Our query set includes 11 objects of various types. This is composed of six 2D alphabetical patterns of “A,” “B,”, “C”, “D”, “E”, “F”, and “E” with 540 × 810 pixels each located at 60, 105, 160, 205, 248 and 395 cm from the origin of a pinhole array, respectively. In addition, our query set includes five 3D objects with different shapes. The dimension of the pinhole array used is given by 1 × 5 pinholes, and the distance between the pickup plane and the pinhole array is set at 18 mm. In each environment, a total number of 351 discrete frames of the scene are reconstructed at the output plane ranging from z = 50 cm to z = 400 cm with the increment of z = 1 cm between each frame. Therefore, estimated depth is a natural number between 50 and 400. Some of the final reconstructed plane images are shown in Fig. 13. If we decrease the reconstruction step, the accuracy of the depth estimation will increase, but this will increase the computation and the depth estimation time too.
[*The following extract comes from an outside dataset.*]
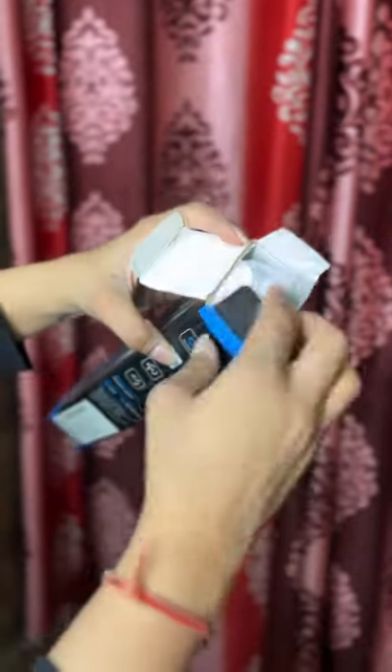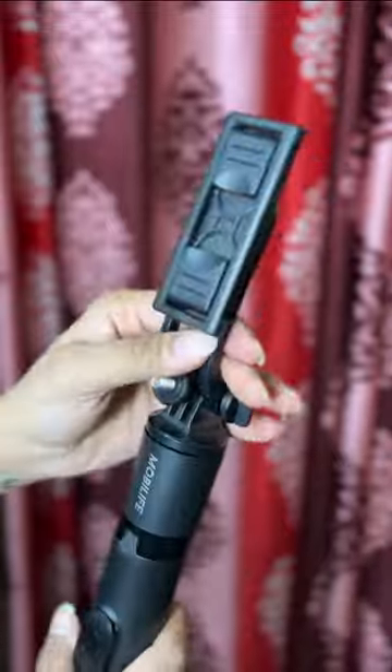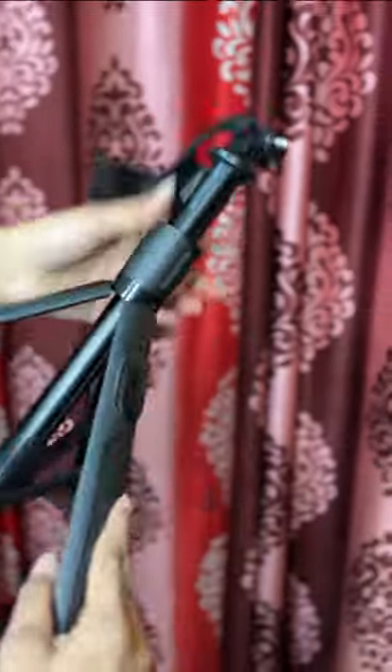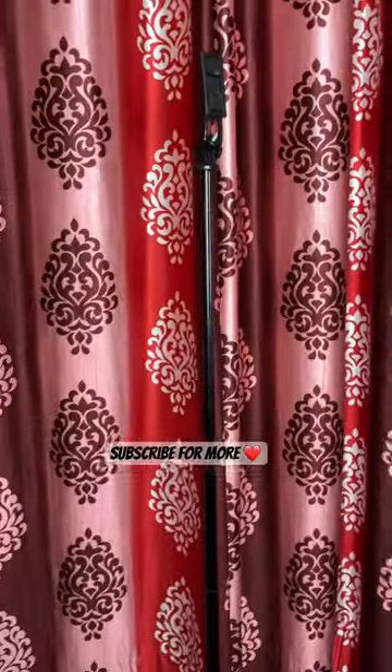It's a tripod plus selfie stick and it can be used vertically and horizontally. It comes with a bluetooth remote that can connect to your phone and lets you take pictures on your own. It literally elongates to my height and more. Let me know in the comments and I'll send you the link.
The experimental results are summarized in Table 2, where the estimated depth of 11 objects is reported. The results shows that the proposed method yields an error rate of 5.53% to 10.35% for depth estimation in real environments. In the article [36], which has the best performance in estimating depth using an integral imaging based technique, the accuracy is reported to be 83.98% to 93.71% but we have achieved an accuracy of 80% to 97.47%. This indicates that the maximum accuracy has been improved. Table 3 shows the high error and mean error values associated with the depth estimation methods. Results show that the high error of the proposed method is better than the Min-variance method and close to the max-voting while we have a lower mean error. Therefore, the proposed method has been able to provide better accuracy while it doesn’t have the limitations of previous methods.
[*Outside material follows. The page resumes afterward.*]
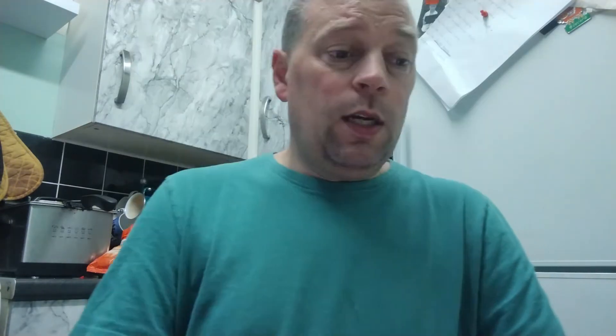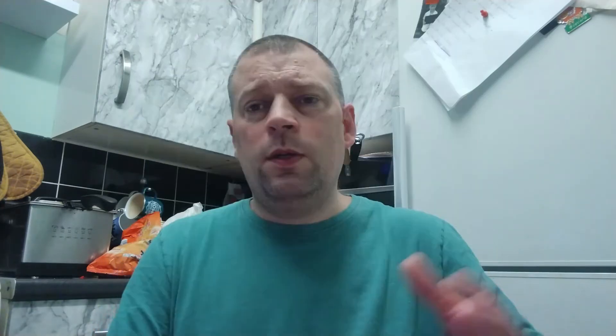The DSi XL feels like if you were to drop it — not that I recommend that — it would withstand it. Moving up to the 3DS, talking about the original 3DS here, it is a great console. I've had mine for quite some time. It's chunky, it's thick, you just feel that it's solid and it doesn't creak, and all the buttons are solid.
Table 2 Experimental results in two different scenarios
Table 3 High error and mean error of the 3 methods

5 Conclusions

A novel depth extraction method for 3D objects, behind occlusions, based on computational integral imaging has been presented. Unlike most previous methods, which are proposed to estimate the depth of small objects that are located near the camera array, in this method, we estimate the depth of large objects at a far distance from the camera array. For depth estimation, we first record several images from different views using an array of cameras. Then we use the integral imaging algorithm to reconstruct the environment at different depths. The necessary information for estimating the range of an object of interest can be found in the 3D reconstructed images. A reconstructed image at depth z0 contains an in-focus image of the object initially located at z0 and a blurred effect of all other objects. To evaluate the performance of the proposed method, various scenarios have been investigated. Two groups of images acquired with a 1 × 5 camera array, were used to test the performance of the depth estimation method. In addition, a measure was used to assess the quality of the depth estimation results. The experimental results demonstrate that using this method, the precision of depth estimation in occluded scenes increases. At the same time, there are no limitations such as sensitivity to gender and type of the object surface and its size. Future research includes using this method to estimate the speed of vehicles. The vehicle ‘s depth (car-to-camera distance) is calculated over a time interval. The distance traveled by the vehicle is equal to the difference of estimated depths at the beginning and end of this time interval. The vehicle speed will be calculated as the distance traveled divided by the time elapsed.